Massentierhaltung muss reduziert werden, auch wenn das höhere Fleischpreise bedeutet.
Position von Gustav Herzog: Neutral
Große Anlagen sollen nur zugelassen werden, wenn die Gemeinde einen Bebauungsplan erlässt und eine Umweltverträglichkeitsprüfung durchführt.
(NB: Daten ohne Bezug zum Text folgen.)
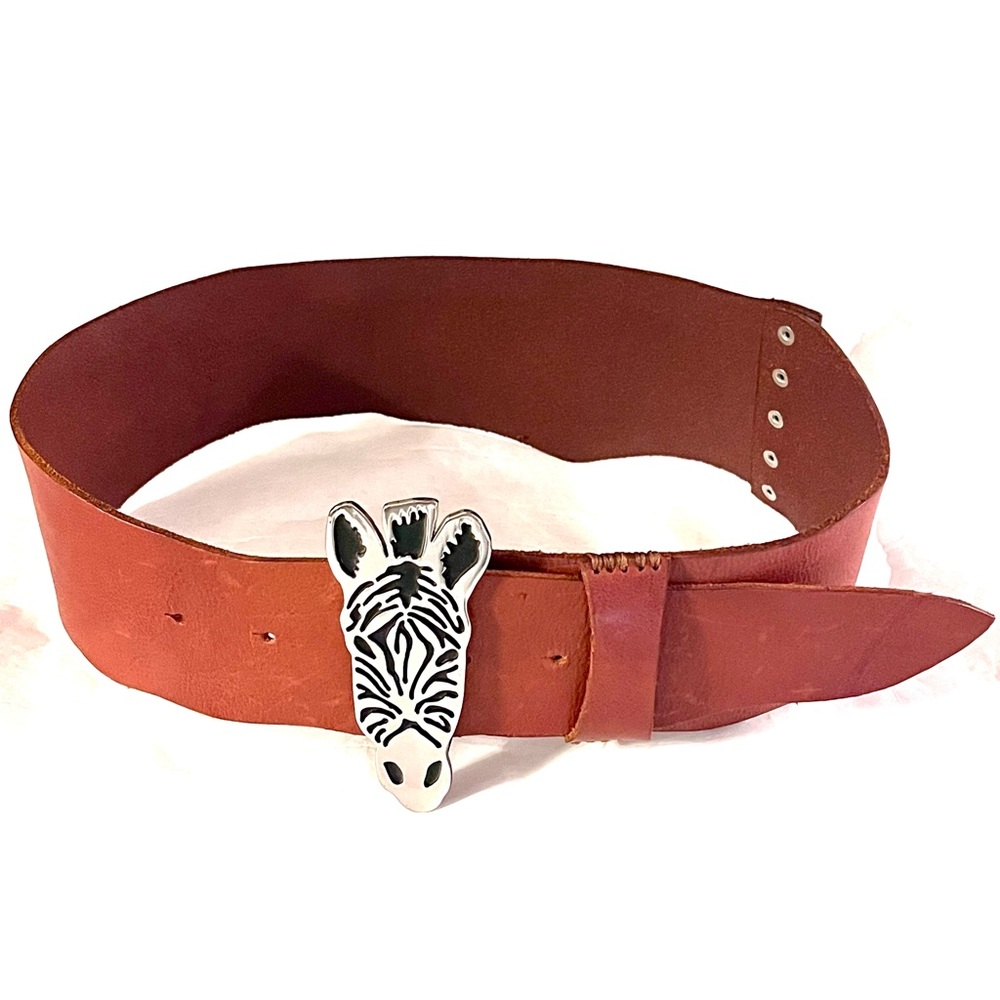 NEW Anthropologie Zebra Head Buckle Leather Belt Size Small Tan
Aber wir wollen zur flächengebundenen Tierhaltung zurückkehren - ein Betrieb soll nur so viele Tieren halten, wie er von seinen eigenen Flächen ernähren kann
Zur Vermeidung von Altersarmut müssen die Renten deutlich erhöht werden.
Position von Gustav Herzog: Stimme zu
Die SPD will eine Solidarrente, damit die, die lange gearbeitet aber wenig verdient haben, nicht zum Sozialamt müssen. Die Solidarrente soll 10 % über dem durchschnittlichen Grundsicherungsanspruch liegen. Außerdem stabilisieren wir das Rentenniveau bei mindestens 48 %.
Vermieter sollen ohne eine staatliche Mietpreisbremse entscheiden können, wie viel Miete sie verlangen.
Position von Gustav Herzog: Lehne ab
Im Gegenteil. Wir werden die Mietpreisbremse weiter verbessern: Durch eine größere Transparenz der Vormiete und eine Auskunftspflicht der Vermieter. Wenn bei Vermietung der Wohnung mehr verlangt wird, als zulässig, können die Mieter_innen künftig die gesamte zu viel gezahlte Miete zurückverlangen.
Es muss ein verbindliches Lobbyregister geben, in dem u.a. Kontakte zwischen Interessenvertretern und Politikern veröffentlicht werden.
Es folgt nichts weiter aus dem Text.